When V. Rajapandian was pushed out of his job at a heat treatment plant in India, the reason had nothing to do with performance or falling revenue. Instead, his boss offered a peculiar explanation: After Rajapandian defaulted on a loan from a mobile app, recovery agents demanded the plant pay on his behalf.
“I lost my job because of them,” Rajapandian said of CASHe, the app he used to secure a $132 loan. “I constantly live with the fear that they will track me down and harass me.”
As digital lending explodes across India and other developing economies, Rajapandian’s ordeal has become increasingly common. During the pandemic, apps promising quick cash have mushroomed. Many capitalize on borrowers’ lack of financial literacy, charging interest rates as high as 500% annualized and in some cases employing heavy-handed collection tactics that Indian activists have linked to a string of suicides.
A growing chorus of technology companies and regulators have cracked down.

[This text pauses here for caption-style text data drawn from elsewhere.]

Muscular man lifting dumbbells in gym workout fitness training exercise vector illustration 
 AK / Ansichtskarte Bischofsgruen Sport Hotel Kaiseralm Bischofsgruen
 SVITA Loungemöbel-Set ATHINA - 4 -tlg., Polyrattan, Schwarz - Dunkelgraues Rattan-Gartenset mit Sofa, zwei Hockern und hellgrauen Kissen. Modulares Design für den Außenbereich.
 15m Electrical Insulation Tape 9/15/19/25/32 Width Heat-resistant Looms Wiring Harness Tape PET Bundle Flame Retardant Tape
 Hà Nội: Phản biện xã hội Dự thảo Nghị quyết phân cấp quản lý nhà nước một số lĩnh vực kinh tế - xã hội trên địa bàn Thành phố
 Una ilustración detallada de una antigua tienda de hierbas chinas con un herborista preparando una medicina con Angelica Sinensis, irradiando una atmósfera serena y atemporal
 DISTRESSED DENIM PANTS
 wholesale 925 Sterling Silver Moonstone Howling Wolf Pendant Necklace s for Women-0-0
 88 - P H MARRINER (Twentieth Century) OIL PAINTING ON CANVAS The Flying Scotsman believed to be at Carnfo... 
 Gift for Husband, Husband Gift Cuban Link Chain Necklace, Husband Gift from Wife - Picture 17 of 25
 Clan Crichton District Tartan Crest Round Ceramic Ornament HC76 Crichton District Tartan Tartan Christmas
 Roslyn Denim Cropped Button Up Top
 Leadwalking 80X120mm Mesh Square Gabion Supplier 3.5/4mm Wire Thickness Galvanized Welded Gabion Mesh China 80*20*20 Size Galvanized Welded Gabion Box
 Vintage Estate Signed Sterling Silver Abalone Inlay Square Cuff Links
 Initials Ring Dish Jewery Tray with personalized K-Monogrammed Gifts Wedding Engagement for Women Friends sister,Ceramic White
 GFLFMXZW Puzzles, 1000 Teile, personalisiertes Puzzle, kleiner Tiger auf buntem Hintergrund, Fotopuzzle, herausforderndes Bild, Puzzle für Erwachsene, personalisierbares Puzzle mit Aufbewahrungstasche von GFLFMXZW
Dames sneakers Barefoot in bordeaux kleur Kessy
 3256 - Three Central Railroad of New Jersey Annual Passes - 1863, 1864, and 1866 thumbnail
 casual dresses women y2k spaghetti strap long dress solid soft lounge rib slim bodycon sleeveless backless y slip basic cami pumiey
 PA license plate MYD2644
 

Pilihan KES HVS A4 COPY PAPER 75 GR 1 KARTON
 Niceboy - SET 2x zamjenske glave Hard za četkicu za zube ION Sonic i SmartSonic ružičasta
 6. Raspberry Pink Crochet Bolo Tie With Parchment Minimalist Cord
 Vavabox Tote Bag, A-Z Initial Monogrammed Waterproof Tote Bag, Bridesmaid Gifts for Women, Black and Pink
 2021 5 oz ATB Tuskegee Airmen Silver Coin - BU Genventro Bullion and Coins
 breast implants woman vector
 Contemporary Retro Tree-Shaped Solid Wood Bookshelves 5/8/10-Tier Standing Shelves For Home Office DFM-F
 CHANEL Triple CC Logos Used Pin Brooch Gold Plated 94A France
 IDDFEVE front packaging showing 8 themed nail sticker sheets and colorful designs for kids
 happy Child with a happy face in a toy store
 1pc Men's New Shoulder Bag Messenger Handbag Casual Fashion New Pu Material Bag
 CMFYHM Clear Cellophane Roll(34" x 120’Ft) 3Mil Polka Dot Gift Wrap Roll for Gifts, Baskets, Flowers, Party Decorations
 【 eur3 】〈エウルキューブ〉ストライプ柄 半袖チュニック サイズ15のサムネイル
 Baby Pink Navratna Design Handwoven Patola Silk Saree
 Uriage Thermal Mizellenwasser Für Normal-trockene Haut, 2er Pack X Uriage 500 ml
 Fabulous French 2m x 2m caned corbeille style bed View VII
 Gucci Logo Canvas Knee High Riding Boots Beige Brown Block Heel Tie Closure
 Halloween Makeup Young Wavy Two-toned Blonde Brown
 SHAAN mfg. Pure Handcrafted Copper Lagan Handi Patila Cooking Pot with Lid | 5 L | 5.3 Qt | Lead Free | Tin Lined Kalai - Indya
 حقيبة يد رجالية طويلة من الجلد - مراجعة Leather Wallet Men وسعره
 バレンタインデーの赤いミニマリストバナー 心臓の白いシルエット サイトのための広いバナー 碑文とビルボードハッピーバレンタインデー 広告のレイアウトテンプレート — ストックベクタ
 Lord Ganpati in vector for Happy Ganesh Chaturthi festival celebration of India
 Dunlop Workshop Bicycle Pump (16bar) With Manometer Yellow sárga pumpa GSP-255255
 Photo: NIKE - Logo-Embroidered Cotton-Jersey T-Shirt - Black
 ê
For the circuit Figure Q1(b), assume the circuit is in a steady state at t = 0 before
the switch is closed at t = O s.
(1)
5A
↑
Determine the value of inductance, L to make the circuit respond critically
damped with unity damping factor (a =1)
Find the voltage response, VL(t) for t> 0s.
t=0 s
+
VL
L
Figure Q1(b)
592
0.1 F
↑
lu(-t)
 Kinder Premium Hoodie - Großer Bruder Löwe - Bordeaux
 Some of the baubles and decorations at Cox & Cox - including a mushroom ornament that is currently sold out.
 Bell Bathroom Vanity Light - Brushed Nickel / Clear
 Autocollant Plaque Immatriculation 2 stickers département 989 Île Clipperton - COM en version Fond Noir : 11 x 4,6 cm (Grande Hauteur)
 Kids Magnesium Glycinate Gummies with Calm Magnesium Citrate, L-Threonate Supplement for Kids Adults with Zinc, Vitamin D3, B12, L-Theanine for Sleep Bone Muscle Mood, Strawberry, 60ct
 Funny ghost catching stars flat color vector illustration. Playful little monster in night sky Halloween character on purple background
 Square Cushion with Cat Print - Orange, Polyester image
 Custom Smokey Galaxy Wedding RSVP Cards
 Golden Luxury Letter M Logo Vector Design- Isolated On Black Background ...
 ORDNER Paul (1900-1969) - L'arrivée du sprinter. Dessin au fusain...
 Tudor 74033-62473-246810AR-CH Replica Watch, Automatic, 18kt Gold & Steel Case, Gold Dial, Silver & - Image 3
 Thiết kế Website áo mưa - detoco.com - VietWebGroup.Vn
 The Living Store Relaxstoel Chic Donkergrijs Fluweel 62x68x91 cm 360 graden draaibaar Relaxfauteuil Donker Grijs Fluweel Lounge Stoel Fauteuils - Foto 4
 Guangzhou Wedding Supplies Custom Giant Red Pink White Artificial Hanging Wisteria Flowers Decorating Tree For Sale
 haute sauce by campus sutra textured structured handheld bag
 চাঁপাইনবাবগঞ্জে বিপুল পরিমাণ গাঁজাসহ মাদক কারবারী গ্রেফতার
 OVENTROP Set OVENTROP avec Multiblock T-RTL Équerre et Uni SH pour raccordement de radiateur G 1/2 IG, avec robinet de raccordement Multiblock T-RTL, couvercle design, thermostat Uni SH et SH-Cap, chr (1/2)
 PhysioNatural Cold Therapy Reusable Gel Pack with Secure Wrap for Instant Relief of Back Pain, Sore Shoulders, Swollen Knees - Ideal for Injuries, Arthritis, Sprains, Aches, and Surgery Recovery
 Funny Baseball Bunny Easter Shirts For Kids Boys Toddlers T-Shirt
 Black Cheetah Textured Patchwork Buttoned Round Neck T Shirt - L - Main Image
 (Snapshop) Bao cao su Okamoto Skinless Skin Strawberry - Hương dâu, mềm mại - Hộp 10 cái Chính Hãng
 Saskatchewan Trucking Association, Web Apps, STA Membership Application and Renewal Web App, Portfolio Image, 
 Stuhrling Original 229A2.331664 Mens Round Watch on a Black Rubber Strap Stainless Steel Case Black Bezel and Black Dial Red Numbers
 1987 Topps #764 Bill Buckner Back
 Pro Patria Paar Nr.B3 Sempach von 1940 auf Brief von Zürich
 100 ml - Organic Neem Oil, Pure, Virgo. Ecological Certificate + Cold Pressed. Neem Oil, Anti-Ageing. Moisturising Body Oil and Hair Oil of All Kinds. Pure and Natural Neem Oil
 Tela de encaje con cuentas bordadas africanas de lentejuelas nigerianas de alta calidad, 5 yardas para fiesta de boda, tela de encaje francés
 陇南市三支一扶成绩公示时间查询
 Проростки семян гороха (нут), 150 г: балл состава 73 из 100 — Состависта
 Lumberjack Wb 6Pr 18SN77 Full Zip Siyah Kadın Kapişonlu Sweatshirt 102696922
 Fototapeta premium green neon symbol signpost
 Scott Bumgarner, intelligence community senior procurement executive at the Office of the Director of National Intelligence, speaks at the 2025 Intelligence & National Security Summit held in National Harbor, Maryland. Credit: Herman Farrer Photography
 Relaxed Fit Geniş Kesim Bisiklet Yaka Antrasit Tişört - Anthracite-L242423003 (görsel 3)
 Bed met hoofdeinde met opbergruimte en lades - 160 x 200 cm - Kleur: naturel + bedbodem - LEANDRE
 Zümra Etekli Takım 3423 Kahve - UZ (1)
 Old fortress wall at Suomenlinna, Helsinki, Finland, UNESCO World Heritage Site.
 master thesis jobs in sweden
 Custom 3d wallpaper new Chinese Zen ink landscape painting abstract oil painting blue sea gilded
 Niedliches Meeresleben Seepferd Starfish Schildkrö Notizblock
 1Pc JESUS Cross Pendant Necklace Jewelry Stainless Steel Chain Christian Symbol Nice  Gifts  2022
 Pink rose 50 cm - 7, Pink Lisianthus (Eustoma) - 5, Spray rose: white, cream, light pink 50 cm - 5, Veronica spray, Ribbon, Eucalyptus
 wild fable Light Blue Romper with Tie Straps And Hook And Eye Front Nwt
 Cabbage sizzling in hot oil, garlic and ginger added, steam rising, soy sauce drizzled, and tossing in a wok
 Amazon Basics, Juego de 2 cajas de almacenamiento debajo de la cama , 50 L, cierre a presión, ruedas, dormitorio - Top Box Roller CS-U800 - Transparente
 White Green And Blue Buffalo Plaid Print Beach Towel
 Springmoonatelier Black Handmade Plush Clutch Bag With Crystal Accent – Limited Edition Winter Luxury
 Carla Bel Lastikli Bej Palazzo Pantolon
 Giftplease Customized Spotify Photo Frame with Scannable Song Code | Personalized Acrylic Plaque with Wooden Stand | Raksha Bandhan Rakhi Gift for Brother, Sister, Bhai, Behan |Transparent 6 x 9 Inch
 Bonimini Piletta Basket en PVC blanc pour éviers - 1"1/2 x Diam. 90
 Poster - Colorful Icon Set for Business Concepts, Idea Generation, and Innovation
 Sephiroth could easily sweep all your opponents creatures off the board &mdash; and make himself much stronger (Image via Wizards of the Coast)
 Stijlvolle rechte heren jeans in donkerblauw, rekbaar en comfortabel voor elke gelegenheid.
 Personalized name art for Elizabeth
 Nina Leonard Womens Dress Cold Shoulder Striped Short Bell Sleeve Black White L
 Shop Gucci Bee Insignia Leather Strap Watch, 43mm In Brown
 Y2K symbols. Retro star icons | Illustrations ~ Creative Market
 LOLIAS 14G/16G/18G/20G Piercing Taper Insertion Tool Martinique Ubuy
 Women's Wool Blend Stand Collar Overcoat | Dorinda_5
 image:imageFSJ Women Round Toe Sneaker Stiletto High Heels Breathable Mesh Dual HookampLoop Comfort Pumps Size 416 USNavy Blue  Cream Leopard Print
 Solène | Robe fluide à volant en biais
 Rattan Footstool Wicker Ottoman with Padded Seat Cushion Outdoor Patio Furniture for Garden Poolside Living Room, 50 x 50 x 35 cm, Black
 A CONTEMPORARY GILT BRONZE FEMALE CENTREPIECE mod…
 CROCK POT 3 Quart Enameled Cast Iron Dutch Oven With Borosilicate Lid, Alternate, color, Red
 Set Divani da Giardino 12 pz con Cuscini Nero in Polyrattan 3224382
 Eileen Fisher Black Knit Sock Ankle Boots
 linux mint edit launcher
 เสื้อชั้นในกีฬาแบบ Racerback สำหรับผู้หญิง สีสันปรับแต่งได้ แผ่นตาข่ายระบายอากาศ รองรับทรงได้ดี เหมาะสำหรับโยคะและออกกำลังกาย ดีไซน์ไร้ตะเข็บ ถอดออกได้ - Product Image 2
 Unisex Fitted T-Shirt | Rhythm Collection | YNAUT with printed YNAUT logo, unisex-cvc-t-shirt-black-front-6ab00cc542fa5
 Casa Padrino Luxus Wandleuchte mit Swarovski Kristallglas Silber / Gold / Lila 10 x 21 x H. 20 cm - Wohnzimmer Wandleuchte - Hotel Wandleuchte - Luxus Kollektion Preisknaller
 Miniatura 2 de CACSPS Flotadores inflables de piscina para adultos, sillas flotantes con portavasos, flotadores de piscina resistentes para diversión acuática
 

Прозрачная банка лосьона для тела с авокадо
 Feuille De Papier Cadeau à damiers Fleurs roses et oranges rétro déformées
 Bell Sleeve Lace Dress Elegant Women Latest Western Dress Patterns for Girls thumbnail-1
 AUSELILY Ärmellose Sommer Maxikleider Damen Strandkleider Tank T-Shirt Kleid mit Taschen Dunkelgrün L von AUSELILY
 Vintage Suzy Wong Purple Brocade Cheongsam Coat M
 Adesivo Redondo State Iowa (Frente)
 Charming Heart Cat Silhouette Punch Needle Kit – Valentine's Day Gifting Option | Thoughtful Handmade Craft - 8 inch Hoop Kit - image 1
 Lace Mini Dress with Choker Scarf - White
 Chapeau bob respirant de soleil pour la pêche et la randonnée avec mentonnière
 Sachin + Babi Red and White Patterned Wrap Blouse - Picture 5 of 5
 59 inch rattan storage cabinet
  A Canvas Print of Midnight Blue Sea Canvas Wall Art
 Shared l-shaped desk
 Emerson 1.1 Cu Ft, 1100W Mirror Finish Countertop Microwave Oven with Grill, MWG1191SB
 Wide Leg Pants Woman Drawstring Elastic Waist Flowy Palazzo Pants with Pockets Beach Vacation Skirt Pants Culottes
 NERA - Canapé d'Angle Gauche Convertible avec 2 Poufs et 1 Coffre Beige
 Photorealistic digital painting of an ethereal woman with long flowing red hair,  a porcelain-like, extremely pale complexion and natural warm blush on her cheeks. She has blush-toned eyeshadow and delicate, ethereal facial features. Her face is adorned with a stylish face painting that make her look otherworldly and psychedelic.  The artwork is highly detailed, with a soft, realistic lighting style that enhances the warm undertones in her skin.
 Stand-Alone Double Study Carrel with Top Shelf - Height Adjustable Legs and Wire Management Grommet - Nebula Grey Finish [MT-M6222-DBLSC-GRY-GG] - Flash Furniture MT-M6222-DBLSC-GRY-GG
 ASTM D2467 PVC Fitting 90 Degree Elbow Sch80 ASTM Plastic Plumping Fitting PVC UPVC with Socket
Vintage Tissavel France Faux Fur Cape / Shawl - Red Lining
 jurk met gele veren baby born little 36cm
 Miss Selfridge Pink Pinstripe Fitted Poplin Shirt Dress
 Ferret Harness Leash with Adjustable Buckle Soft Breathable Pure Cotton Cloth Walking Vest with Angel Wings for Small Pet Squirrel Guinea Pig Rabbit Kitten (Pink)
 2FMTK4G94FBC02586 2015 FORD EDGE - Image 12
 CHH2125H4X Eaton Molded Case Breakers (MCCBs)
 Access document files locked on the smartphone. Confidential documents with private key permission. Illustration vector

Globally, Google has blocked hundreds of apps from its Android store to protect borrowers from “deceptive and exploitative terms.” Officials in China, Indonesia and Kenya followed suit, shutting down scores of startups promising easy cash to the unbanked.
India, which has among the highest number of such apps in the world, has also taken action. The Reserve Bank of India raised the prospect in November of new rules for digital lenders. A panel set up by the bank found that more than half of about 1,100 digital loan providers were operating illegally.